The foundations of probability theory go back to the sixteenth century, when Gerolamo Cardano began a formal analysis of games of chance, followed by additional key developments by Pierre de Fermat and Blaise Pascal in the seventeenth century. The initial development involved only discrete probability spaces, and the analysis methods were purely combinatorial. The foundations of modern probability theory, with its measure-theoretic underpinnings, were laid by Andrey Kolmogorov in the 1930s.
Particularly central to the topics of this book is the so-called Bayes theorem, shown in the eighteenth century by the Reverend Thomas Bayes (Bayes 1763). This theorem allows us to use a model that tells us the conditional probability of event a given event b (say, a symptom given a disease) in order to compute the contrapositive: the conditional probability of event b given event a (the disease given the symptom). This type of reasoning is central to the use of graphical models, and it explains the choice of the name Bayesian network.
The notion of representing the interactions between variables in a multidimensional distribution using a graph structure originates in several communities, with very different motivations. In the area of statistical physics, this idea can be traced back to Gibbs (1902), who used an undirected graph to represent the distribution over a system of interacting particles. In the area of genetics, this idea dates back to the work on path analysis of Sewal Wright (Wright 1921, 1934). Wright proposed the use of a directed graph to study inheritance in natural species.
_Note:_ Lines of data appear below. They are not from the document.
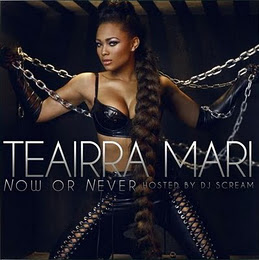 Teairra Mari/ Now Or Never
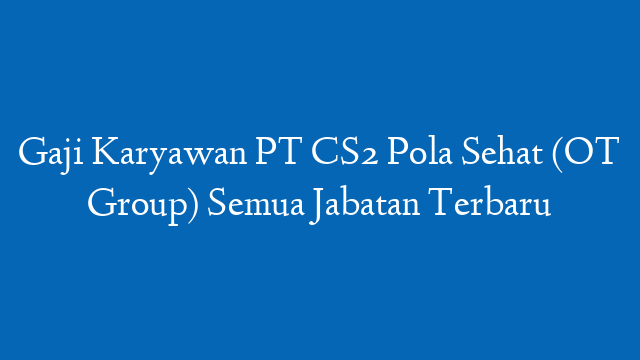 Gaji Karyawan PT CS2 Pola Sehat (OT Group) Semua Jabatan Terbaru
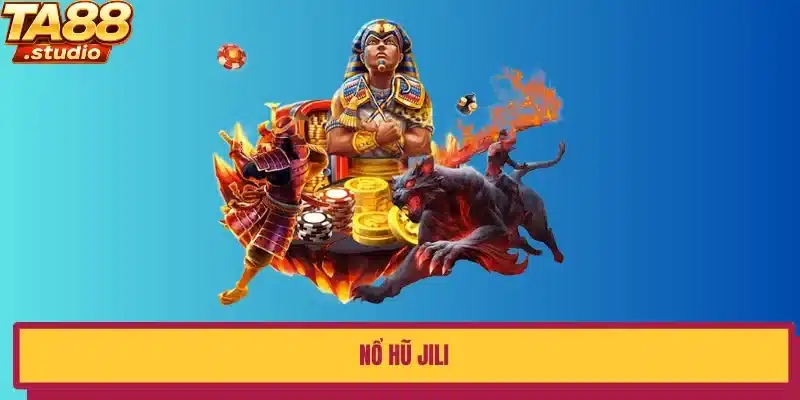 Nổ hũ Jili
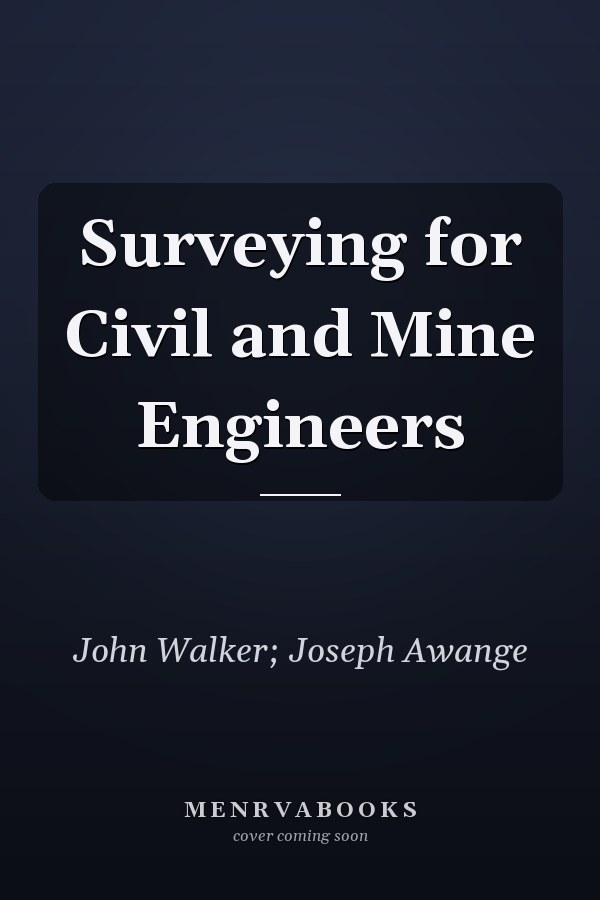 Surveying for Civil and Mine Engineers
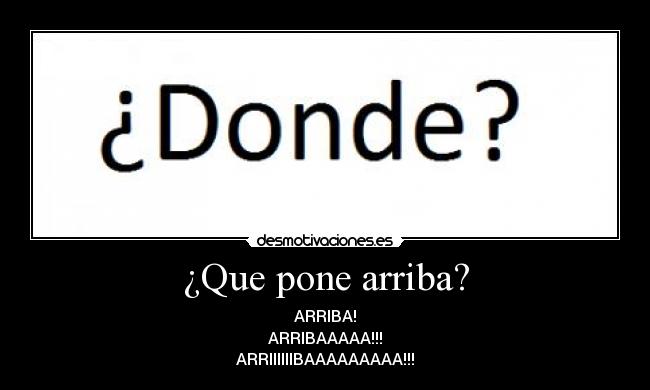 ¿Que pone arriba? - 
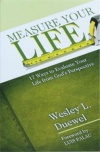 Measure Your Life - 17 Ways to Evaluate your Life from God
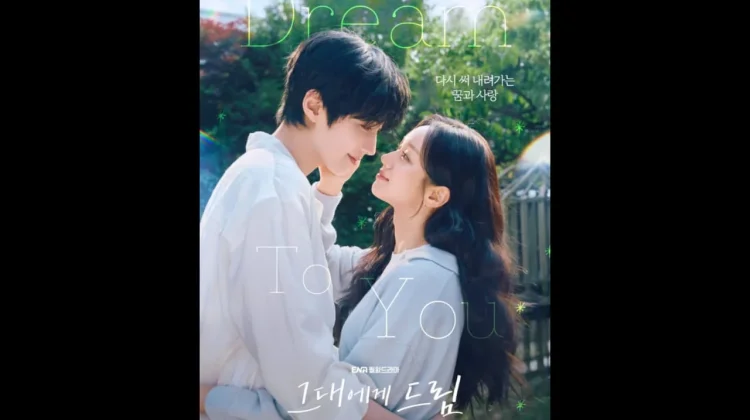 Drakor Dream to You, saat Mimpi Lama Menyapa Cinta Baru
This idea, although largely rejected by statisticians at the time, was subsequently adopted by economists and social scientists (Wold 1954; Blalock, Jr. 1971). In the field of statistics, the idea of analyzing interactions between variables was first proposed by Bartlett (1935), in the study of contingency tables, also known as log-linear models. This idea became more accepted by the statistics community in the 1960s and 70s (Vorobev 1962; Goodman 1970; Haberman 1974).
In the field of computer science, probabilistic methods lie primarily in the realm of Artificial Intelligence (AI). The AI community first encountered these methods in the endeavor of building expert systems expert systems, computerized systems designed to perform di cult tasks, such as oil-well location or medical diagnosis, at an expert level. Researchers in this field quickly realized the need for methods that allow the integration of multiple pieces of evidence, and that provide support for making decisions under uncertainty. Some early systems (de Bombal et al. 1972; Gorry and Barnett 1968; Warner et al. 1961) used probabilistic methods, based on the very restricted naive Bayes model. This model restricts itself to a small set of possible hypotheses (e.g., diseases) and assumes that the dierent evidence variables (e.g., symptoms or test results) are independent given each hypothesis. These systems were surprisingly successful, performing (within their area of expertise) at a level comparable to or better than that of experts. For example, the system of de Bombal et al. (1972) averaged over 90 percent correct diagnoses of acute abdominal pain, whereas expert physicians were averaging around 65 percent.
Despite these successes, this approach fell into disfavor in the AI community, owing to a combination of several factors. One was the belief, prevalent at the time, that artificial intelligence should be based on similar methods to human intelligence, combined with a strong impression that people do not manipulate numbers when reasoning. A second issue was the belief that the strong independence assumptions made in the existing expert systems were fundamental to the approach. Thus, the lack of a flexible, scalable mechanism to represent interactions between variables in a distribution was a key factor in the rejection of the probabilistic framework.
The rejection of probabilistic methods was accompanied by the invention of a range of alternative formalisms for reasoning under uncertainty, and the construction of expert systems based on these formalisms (notably Prospector by Duda, Gaschnig, and Hart 1979 and Mycin by Buchanan and Shortlie 1984). Most of these formalisms used the production rule framework, where each rule is augmented with some number(s) defining a measure of “confidence” in its validity. These frameworks largely lacked formal semantics, and many exhibited significant problems in key reasoning patterns. Other frameworks for handling uncertainty proposed at the time included fuzzy logic, possibility theory, and Dempster-Shafer belief functions.
The widespread acceptance of probabilistic methods began in the late 1980s, driven forward by two major factors. The first was a series of seminal theoretical developments. The most influential among these was the development of the Bayesian network framework by Judea Pearl and his colleagues in a series of paper that culminated in Pearl’s highly influential textbook Probabilistic Reasoning in Intelligent Systems (Pearl 1988). In parallel, the key paper by S.L. Lauritzen and D.J. Spiegelhalter 1988 set forth the foundations for e cient reasoning using probabilistic graphical models. The second major factor was the construction of large-scale, highly successful expert systems based on this framework that avoided the unrealistically strong assumptions made by early probabilistic expert systems. The most visible of these applications was the Pathfinder expert system, constructed by Heckerman and colleagues (Heckerman et al. 1992; Heckerman and Nathwani 1992b), which used a Bayesian network for diagnosis of pathology samples.